The Joy of Giving, Redux
Sharp-eyed readers of our newsletters may recall that I wrote an article espousing the virtues of charitable giving about a year ago. Much has changed since then, not the least of which is the effect that the One Big Beautiful Bill Act (OBBBA) will have on charitable activity. In my view, the need for charitable giving has only intensified, with shifting tax incentives and cuts to many government programs causing many not-for-profits to struggle to survive in a volatile environment.
There is still much that you can do as an individual donor. I contend that donating to charity is not only a boon to the recipient but also a major mood-booster. The knowledge that you’re giving back to your community and donating to causes that resonate with you is hugely empowering and, in turn, can make you feel happier and more fulfilled. If you’re so inclined, there are few better times than the fourth quarter of the year to exercise your generosity muscle.
Here is a brief overview of a few of the most common charitable vehicles.
Annual gifts and tax exclusions
The easiest way to donate is by using the annual gift tax exclusion. Gifts below the annual exclusion (i.e., $19,000 for both 2025 and 2026) bear no tax consequence to either donor or recipient. Simply write a check up to the prescribed amount and you’re done – no tax filing or reporting required. Married couples can double their charitable impact, as the limit for any one recipient is $19,000 for each spouse for a total of $38,000. As an alternative to cash, donations of appreciated securities can also help the donor avoid capital gains tax. I often see this technique used to fund 529 plans for children or grandchildren or to help loved ones in need.
The OBBBA has changed the landscape for those who are charitably inclined. Starting in 2026, taxpayers who take the standard deduction can claim a limited charitable deduction of up to $1,000 for single filers and $2,000 for joint filers. This new incentive aims to encourage broader giving among the vast majority of Americans who do not itemize their taxes. On the flip side, also starting in 2026, itemizing taxpayers can only deduct the portion of their charitable contributions that exceeds 0.5% of their AGI. For a taxpayer with an AGI of $100,000, the first $500 in donations is not deductible, which may encourage donors to make large, planned contributions in 2025 to avoid the new itemized deduction limits.
The OBBBA also:
Extends the higher cap on cash contributions to public charities, allowing a deduction of up to 60% of adjusted gross income (AGI) for itemizing taxpayers.

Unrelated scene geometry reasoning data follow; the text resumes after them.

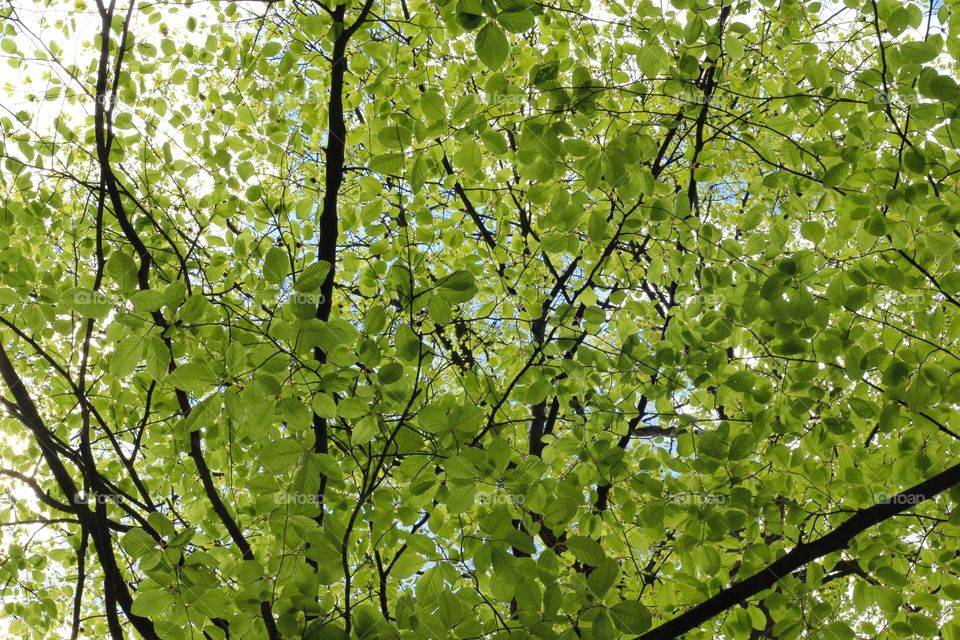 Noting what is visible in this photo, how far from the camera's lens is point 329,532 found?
2445mm

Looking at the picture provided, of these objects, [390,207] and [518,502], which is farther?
[390,207]

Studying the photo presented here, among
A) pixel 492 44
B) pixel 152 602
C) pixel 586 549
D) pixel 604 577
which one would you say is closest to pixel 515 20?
pixel 492 44

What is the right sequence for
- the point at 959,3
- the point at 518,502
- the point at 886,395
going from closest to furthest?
the point at 518,502 < the point at 886,395 < the point at 959,3

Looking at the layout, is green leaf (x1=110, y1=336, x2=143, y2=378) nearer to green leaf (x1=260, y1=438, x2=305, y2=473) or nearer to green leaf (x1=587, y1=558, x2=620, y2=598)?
green leaf (x1=260, y1=438, x2=305, y2=473)

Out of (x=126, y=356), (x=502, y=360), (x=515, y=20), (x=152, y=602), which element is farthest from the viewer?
(x=502, y=360)

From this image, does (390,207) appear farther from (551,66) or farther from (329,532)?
(329,532)

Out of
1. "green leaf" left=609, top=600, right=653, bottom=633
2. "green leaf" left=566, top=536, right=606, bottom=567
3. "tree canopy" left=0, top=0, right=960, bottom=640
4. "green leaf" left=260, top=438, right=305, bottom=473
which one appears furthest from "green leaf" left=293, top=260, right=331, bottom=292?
"green leaf" left=609, top=600, right=653, bottom=633

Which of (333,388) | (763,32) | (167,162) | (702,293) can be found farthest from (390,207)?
(763,32)

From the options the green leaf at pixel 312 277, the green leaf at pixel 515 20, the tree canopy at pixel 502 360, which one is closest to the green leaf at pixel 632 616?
the tree canopy at pixel 502 360

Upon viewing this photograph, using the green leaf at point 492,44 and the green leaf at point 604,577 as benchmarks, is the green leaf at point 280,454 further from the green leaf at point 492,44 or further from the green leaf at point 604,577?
the green leaf at point 492,44

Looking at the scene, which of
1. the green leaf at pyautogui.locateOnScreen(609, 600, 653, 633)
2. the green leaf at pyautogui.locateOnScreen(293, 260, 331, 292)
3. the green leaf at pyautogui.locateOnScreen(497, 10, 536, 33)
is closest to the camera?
the green leaf at pyautogui.locateOnScreen(497, 10, 536, 33)

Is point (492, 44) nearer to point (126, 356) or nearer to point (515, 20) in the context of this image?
point (515, 20)

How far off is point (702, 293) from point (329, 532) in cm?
240

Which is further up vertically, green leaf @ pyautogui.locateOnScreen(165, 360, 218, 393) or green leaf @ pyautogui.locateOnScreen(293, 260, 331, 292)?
green leaf @ pyautogui.locateOnScreen(293, 260, 331, 292)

Beginning in 2026, caps the value of all itemized deductions, including charitable donations, at a 35% tax benefit for individuals in the top tax bracket.
Permanently increases the federal estate and gift tax exemption to $15 million per person ($30 million for married couples), reducing the tax incentive for wealthy individuals to make charitable gifts in their wills.
Qualified Charitable Distributions (QCDs)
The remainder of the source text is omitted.